# Your instructions:
The lines running from the one that contains "CABLE USB 2.0 A MICRO USB TECNOLAB 1MT TL313" to the end of the records below are what to reproduce, exactly and without pictures.
━━━ Exercise data ━━━
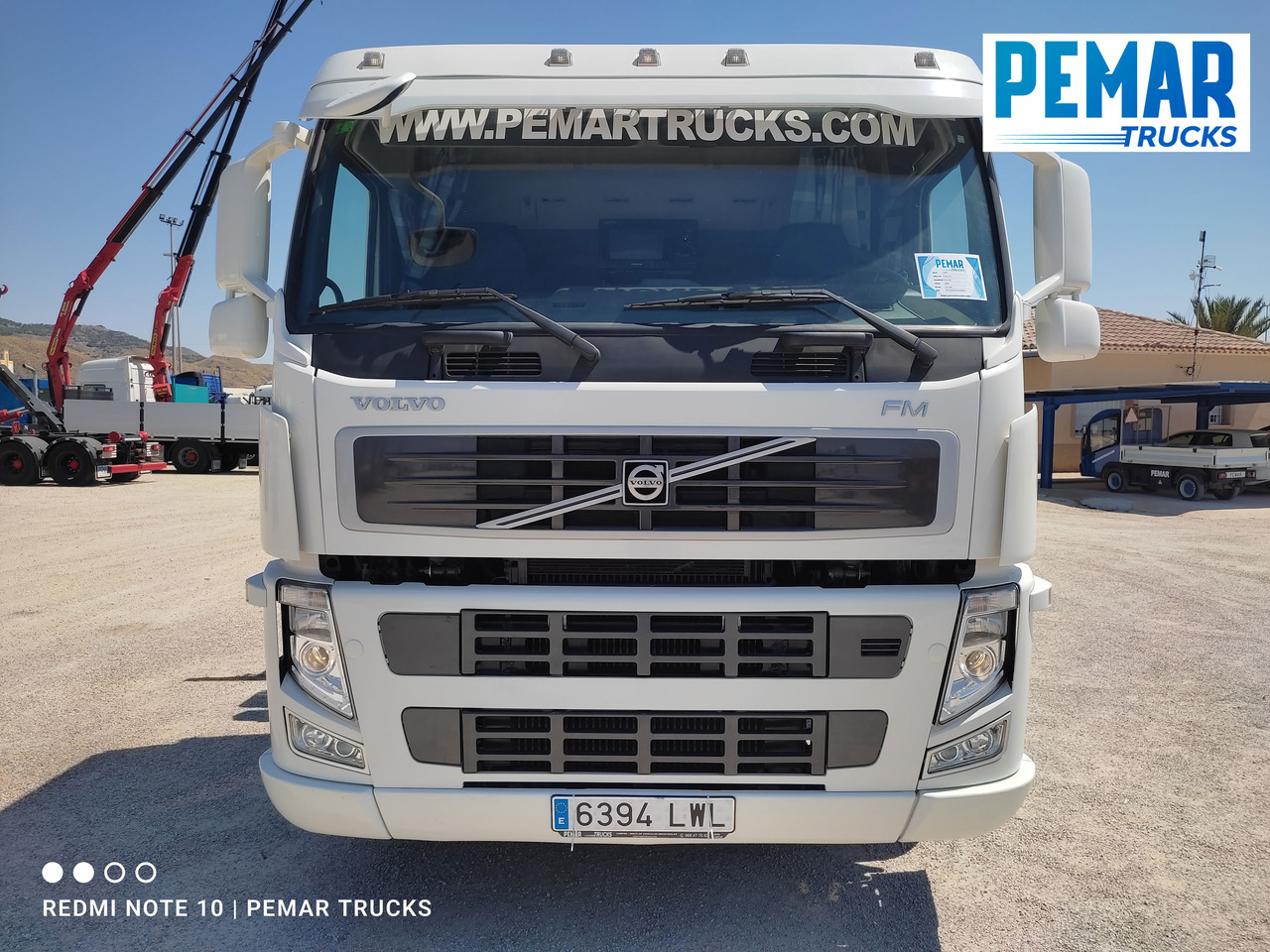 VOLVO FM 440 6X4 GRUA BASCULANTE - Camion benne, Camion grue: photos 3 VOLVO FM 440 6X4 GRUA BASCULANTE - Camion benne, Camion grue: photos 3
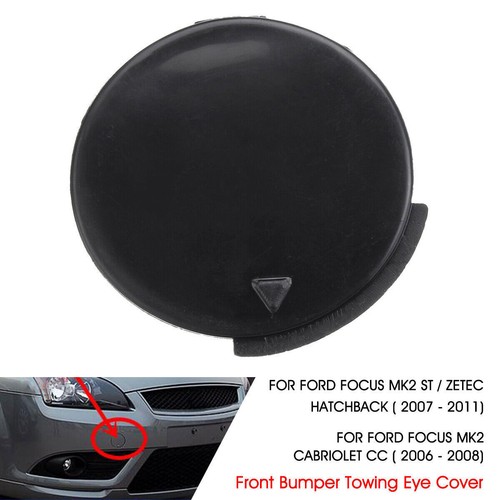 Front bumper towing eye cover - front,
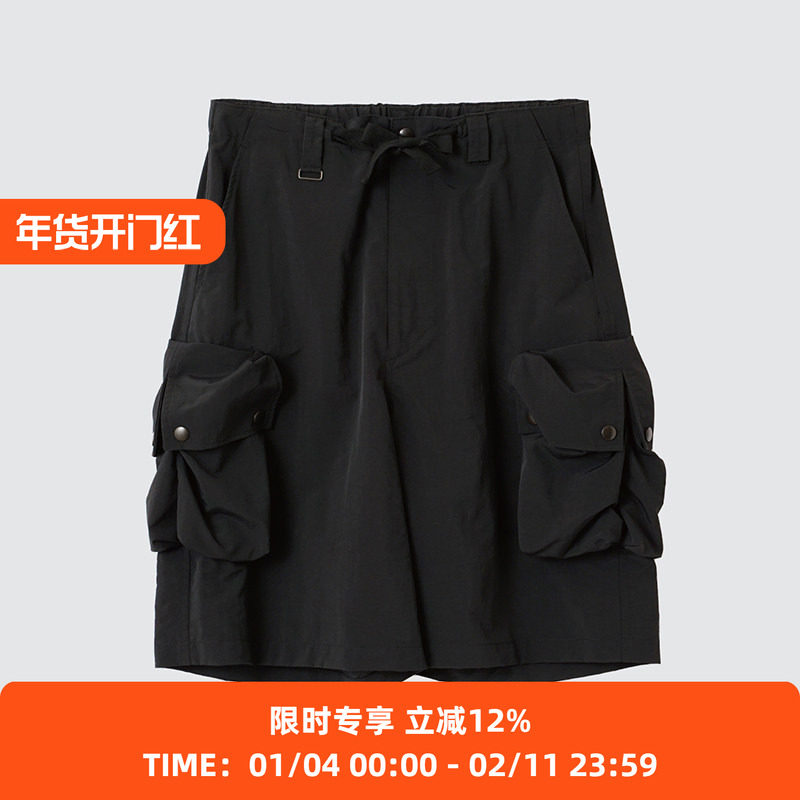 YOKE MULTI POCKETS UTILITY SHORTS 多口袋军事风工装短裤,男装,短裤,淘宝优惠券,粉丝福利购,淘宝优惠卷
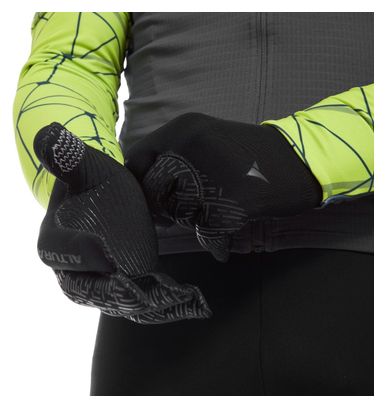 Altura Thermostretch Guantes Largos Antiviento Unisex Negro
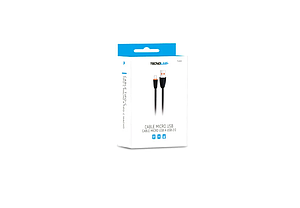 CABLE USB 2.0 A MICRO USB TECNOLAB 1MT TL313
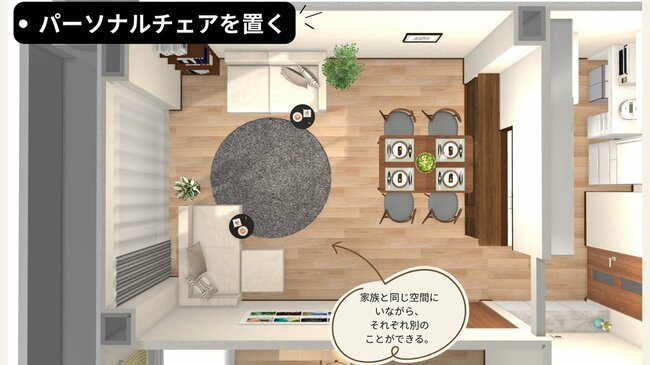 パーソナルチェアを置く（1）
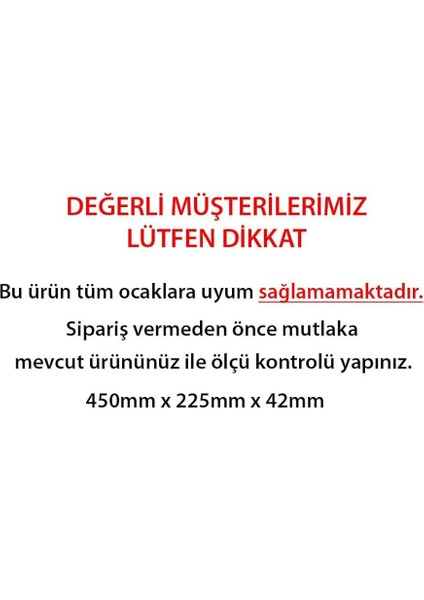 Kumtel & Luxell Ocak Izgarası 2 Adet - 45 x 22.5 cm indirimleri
━━━
# Answer to this problem:
 CABLE USB 2.0 A MICRO USB TECNOLAB 1MT TL313
 パーソナルチェアを置く（1）
 Kumtel & Luxell Ocak Izgarası 2 Adet - 45 x 22.5 cm indirimleri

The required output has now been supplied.